Medium-Sized Network: AV Behaviors & Collaborative MARL with TorchRL

In this tutorial we use a medium sized-network for agents navigation. The chosen origin and destination points are specified in this file, and can be adjusted by users. In parallel, we define AV behaviors based on the agents’ reward formulation and implement their learning process using the TorchRL library.


Network Overview

In these notebooks, we utilize the Cologne network within our simulator, SUMO. As an initial baseline, we employ malicious AV behavior, where all AVs share the same reward, making it an ideal setup for algorithms designed to solve collaborative tasks.

Users can customize parameters for the TrafficEnvironment class by consulting the routerl/environment/params.json file. Based on its contents, they can create a dictionary with their preferred settings and pass it as an argument to the TrafficEnvironment class.

Included Tutorials:

  • VDN Tutorial. Uses Value Decomposition Networks (VDN) for decentralized MARL training.

  • QMIX Tutorial. Implements QMIX (QMIX), which leverages a mixing network with a monotonicity constraint.

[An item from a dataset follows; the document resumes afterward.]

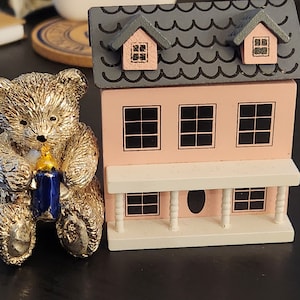 Vintage 950 silver baby teddy bear figurine (Hand-painted)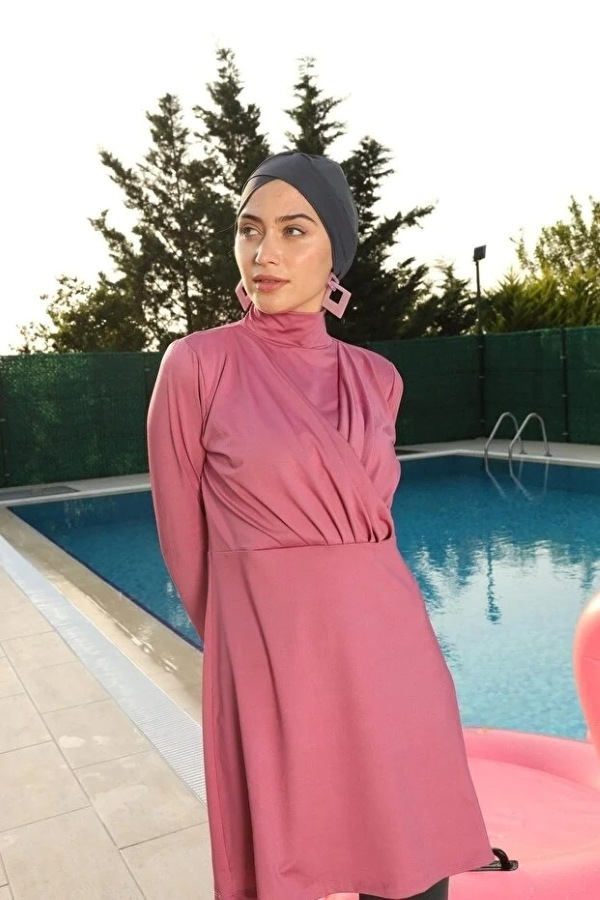 Starinci MayoUzunkol Tesettür Mayo Likra Göğüs Detaylı Pembe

  • MAPPO Tutorial. Uses Multi-Agent Proximal Policy Optimization (MAPPO), the multi-agent adaptation of PPO (PPO).


Cologne Network Visualization

Cologne network


Defining Automated Vehicles Behavior Through Reward Formulations

As described in the paper, the reward function enforces a selected behavior on the agent. For an agent k with behavioral parameters φₖ ∈ ℝ⁴, the reward is defined as:

\[ r_k = \varphi_{k1} \cdot T_{\text{own}, k} + \varphi_{k2} \cdot T_{\text{group}, k} + \varphi_{k3} \cdot T_{\text{other}, k} + \varphi_{k4} \cdot T_{\text{all}, k} \]

where Tₖ is a vector of travel time statistics provided to agent k, containing:

  • Own Travel Time (\(T_{\text{own}, k}\)): The amount of time the agent has spent in traffic.

  • Group Travel Time (\(T_{\text{group}, k}\)): The average travel time of agents in the same group (e.g., AVs for an AV agent).

  • Other Group Travel Time (\(T_{\text{other}, k}\)): The average travel time of agents in other groups (e.g., humans for an AV agent).

  • System-wide Travel Time (\(T_{\text{all}, k}\)): The average travel time of all agents in the traffic network.


Behavioral Strategies & Objective Weightings

Behavior

ϕ₁

ϕ₂

ϕ₃

ϕ₄

Interpretation

Altruistic

0

0

0

1

Minimize delay for everyone

Collaborative

0.5

0.5

0

0

Minimize delay for oneself and one’s own group

Competitive

2

0

-1

0

Minimize self-delay & maximize delay for others

Malicious

0

0

-1

0

Maximize delay for the other group

Selfish

1

0

0

0

Minimize delay for oneself

Social

0.5

0

0

0.5

Minimize delay for oneself & everyone